Éditions La Découverte et Dominique Carré, 256 pages, 32 €.
Voyage au pays des boxeurs de Loïc Wacquant

La boxe n’est pas qu’un sport de combat

par ALPHONSE CUGIER
Publié le 11 novembre 2022 à 15:59 Mise à jour le 7 novembre 2022

1988, un jeune sociologue français pousse la porte d’un gym, salle de boxe dans la 63ème rue de Chicago. Un îlot « d’ordre et de morale » qui jure dans le South Side, quartier ravagé, immeubles vides, dépouillés, commerces fermés, certains calcinés, terrains vagues. Un hyperghetto qui, comme le ghetto, est une réserve destinée à une population stigmatisée mais qui n’a plus aucune fonction économique. Ce refuge, il le fréquente assidûment trois ans durant : il regarde, puis chausse les gants, monte sur le ring… coups, bosses, bleus et plaies. Seul Blanc de la salle, il a vécu ce que les autres boxeurs apprentis ou confirmés ont vécu, des hommes seulement, tous afro-américains vivant dans le quartier. Ils l’ont accepté parmi les leurs en raison de son sérieux et de son observation stricte des règles du métier, membre dès lors à part entière de la « Confrérie de la Cogne ». Surnommé Busy Louie, Loïc Wacquant a tenu un journal avec comme résultat 2300 pages de notes relatives au travail quotidien, entraînement en dehors ou sur le ring, conversations glanées, entretiens. De ce matériau, il avait, après un an d’enquête, rédigé un premier ouvrage Corps et âme. Carnets ethnographiques d’un apprenti boxeur qui fut publié chez Agone en 2002.

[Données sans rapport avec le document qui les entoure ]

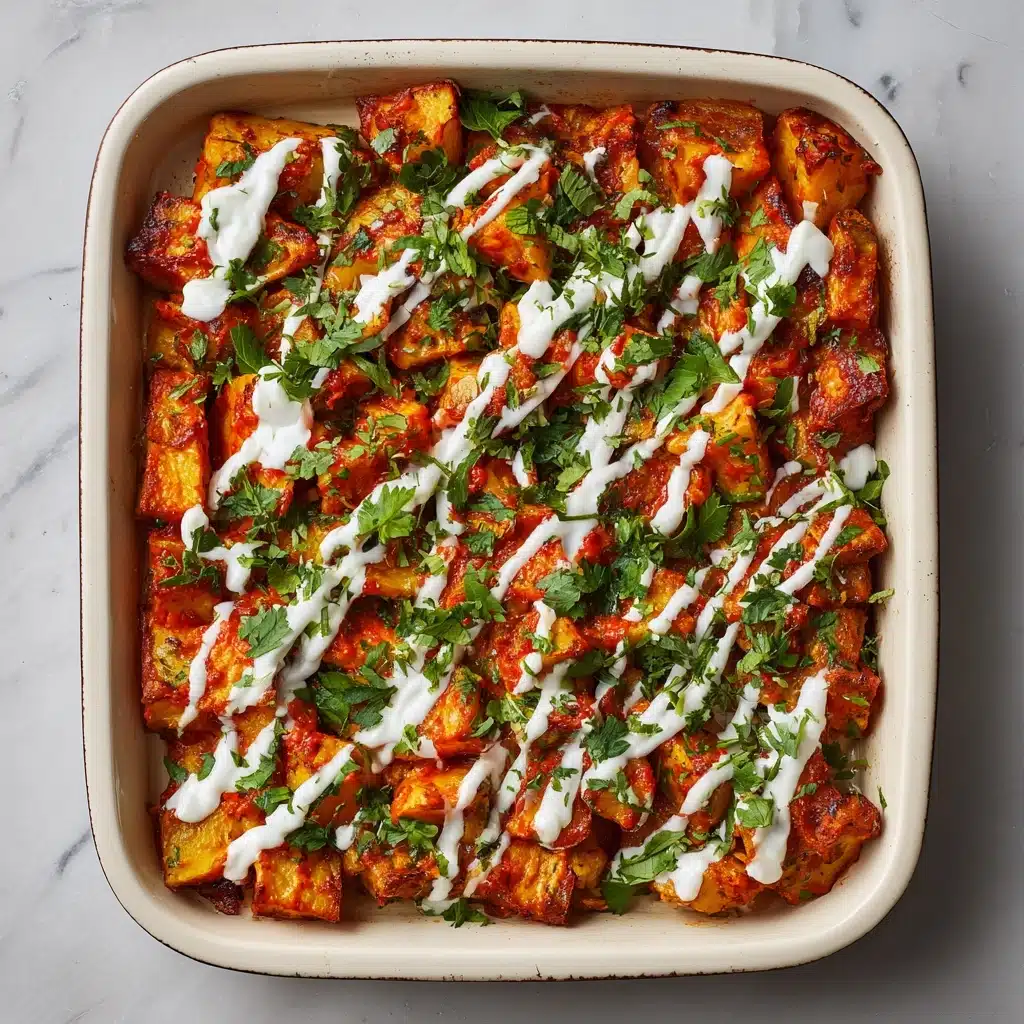 Patatas Bravas Recipe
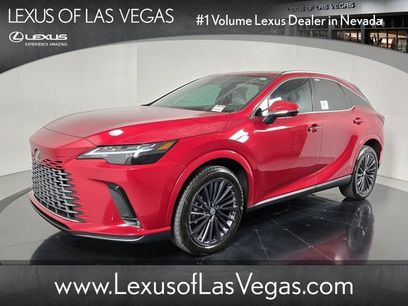 New 2026 Lexus RX 350 Premium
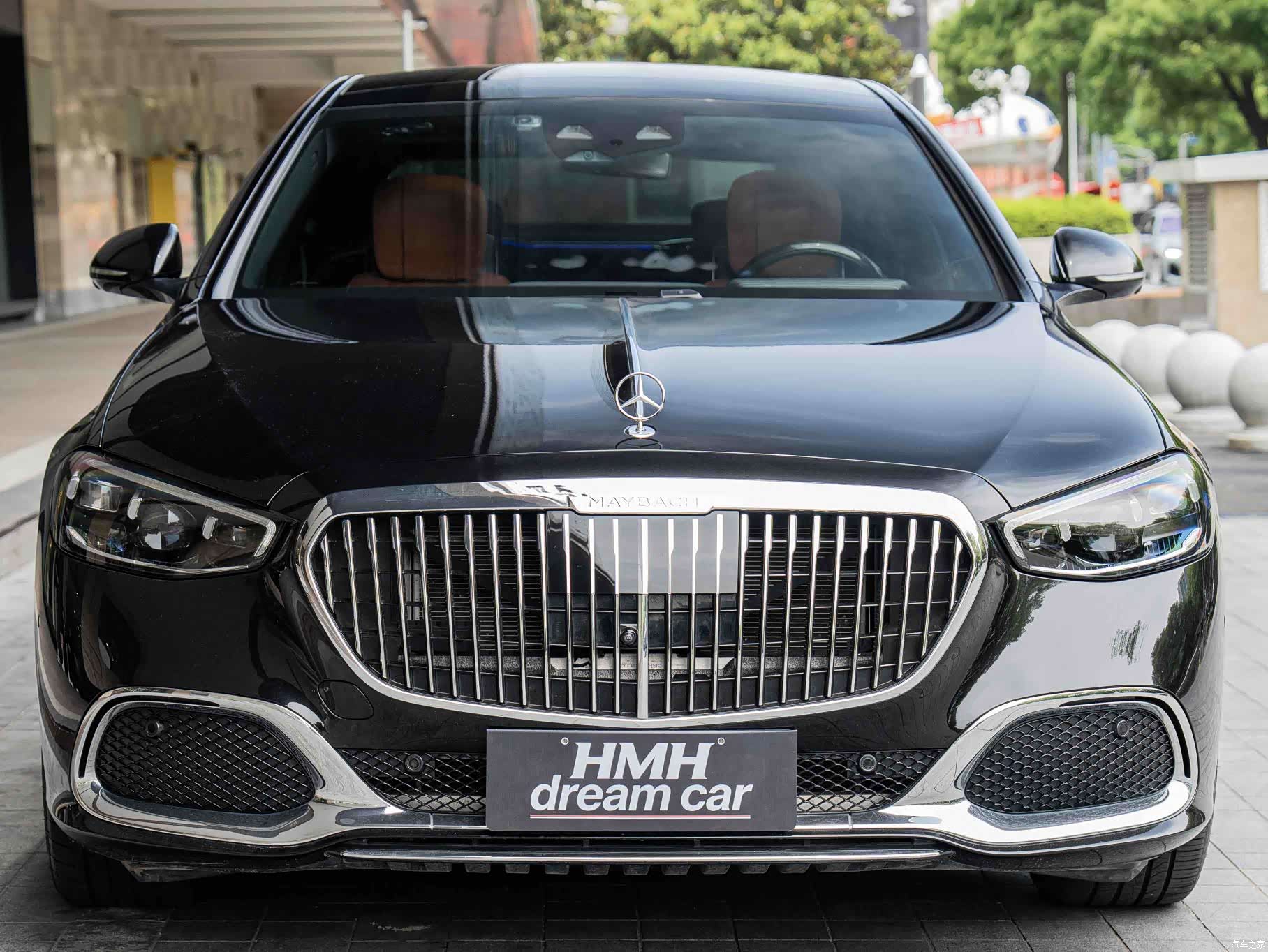 Maybach S-Class, 2023 2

Plongée au cœur de l’univers de l’homo pugilisticus

L’éditeur Dominique Carré lui a proposé de prolonger Corps et âme en immergeant le lecteur dans l’atmosphère du gym, des tournois amateurs et galas professionnels et dans l’intimité de ses camarades du ring. Revisitant et complétant son journal ethnographique, il a ajouté aux propos recueillis auprès des boxeurs (une cinquantaine), des entraîneurs, managers et arbitres, plus de 200 des 2000 photographies qu’il avait prises. Le lecteur se trouve littéralement plongé au cœur même de cet art du combat : les photos en noir et blanc, en double ou pleine page, ne sont pas entourées d’une marge blanche qui, habituellement, provoque une mise à distance. Ce retour dans les archives m’a permis dit-il de «  revivre en pensée les moments les plus exaltants mais aussi les routines les plus astreignantes de mon périple au pays de la cogne ».

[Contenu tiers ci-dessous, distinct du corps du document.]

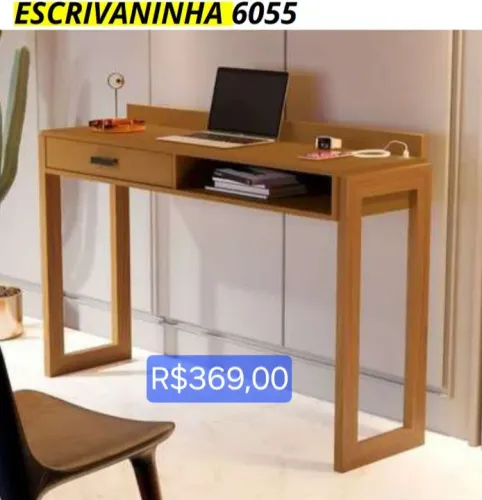 Escrivaninha 6055 nova (leia a descrição)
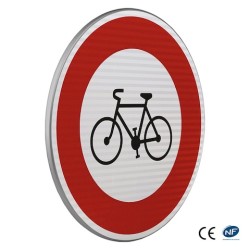 Panneau B9b Classe 2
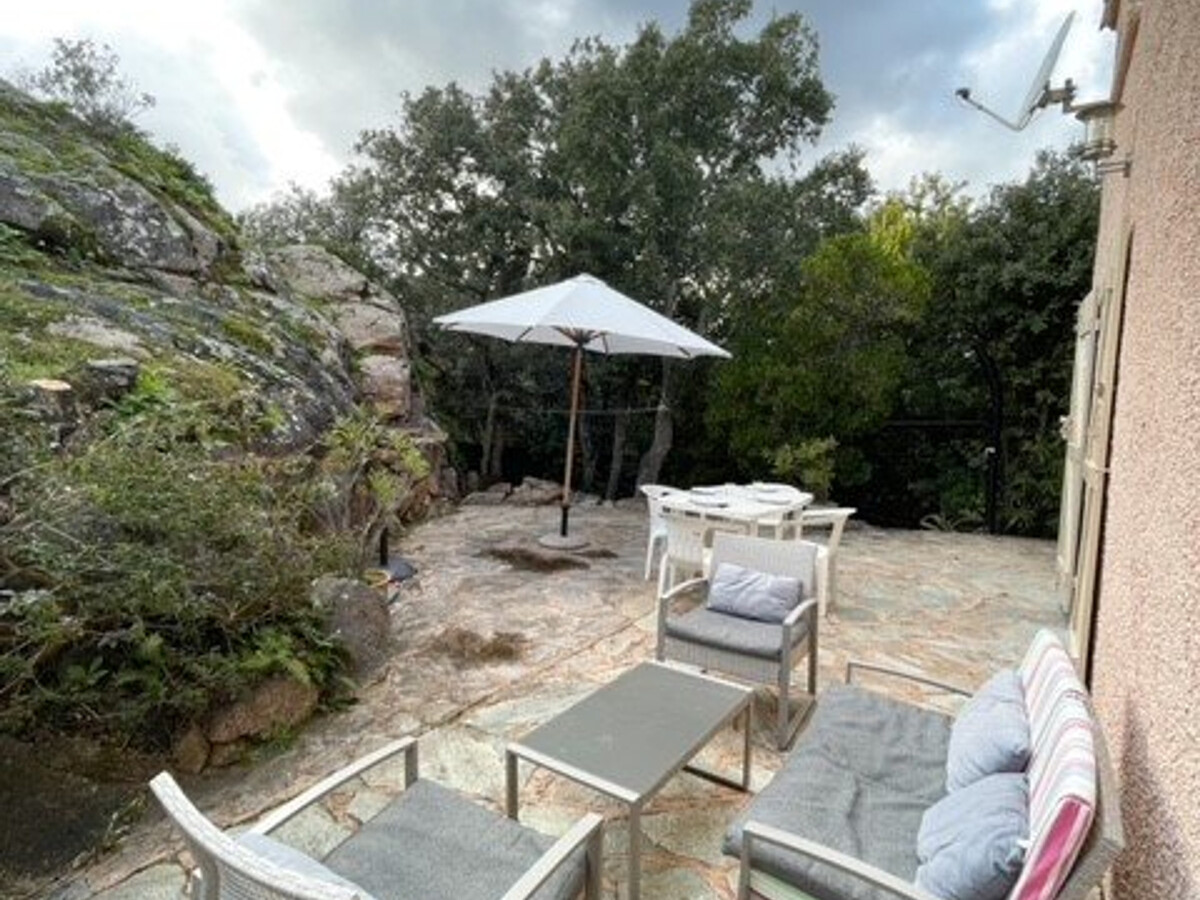 Maison 6 pers. à 200m de la plage Santa-Giulia - Photo 1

L’ouvrage est à la fois un récit sur le métier de boxeur (postulant ou professionnel) : travail au quotidien (acquérir puissance, rapidité et dextérité), privations (faire le poids, régime strict, écarter les mauvaises nourritures, alcool, drogue, sexe), concentration sur l’engagement pugilistique, maîtrise tactique, confiance en soi, contrôle de soi et respect de l’adversaire. Les espoirs d’ascension sociale sont minces, la gloire au bout des gants se résume le plus souvent à l’admiration des proches, la considération des confrères et les acclamations du public. Bénéfices symboliques certes face aux risques de dommages corporels, mais ils aident à vivre. La boxe, cette culture du corps gagne-pain dans cet hyper-ghetto de Chicago est aussi un moyen d’échapper à la précarisation de l’emploi et à l’emprise de la rue et des gangs. Trop d’ouvrages omettent ces aspects et se cantonnent au niveau de l’hagiographie. À l’inverse, ce « Voyage » nous expose dans le détail pourquoi et comment peut-on ou non devenir et continuer à être boxeur professionnel. Et ce, trente ans après l’expérience de Loïc Wacquant au sein du Woodlawn Boys Club, véritable sanctuaire. Même si le prestige de ce sport connaît depuis quelque temps des déperditions, il reste néanmoins très populaire malgré le discrédit qui touche les instances internationales qui le dirigent (manque de transparence, gestion catastrophique, dette colossale, scandales d’arbitrage). Au total, un documentaire à l’épreuve du réel de l’Amérique noire des années 1990 à partir des propos des boxeurs (leur amour de ce sport et les sacrifices endurés consentis) et des photographies de l’auteur qui présente conjointement la démarche du sociologue qu’il est.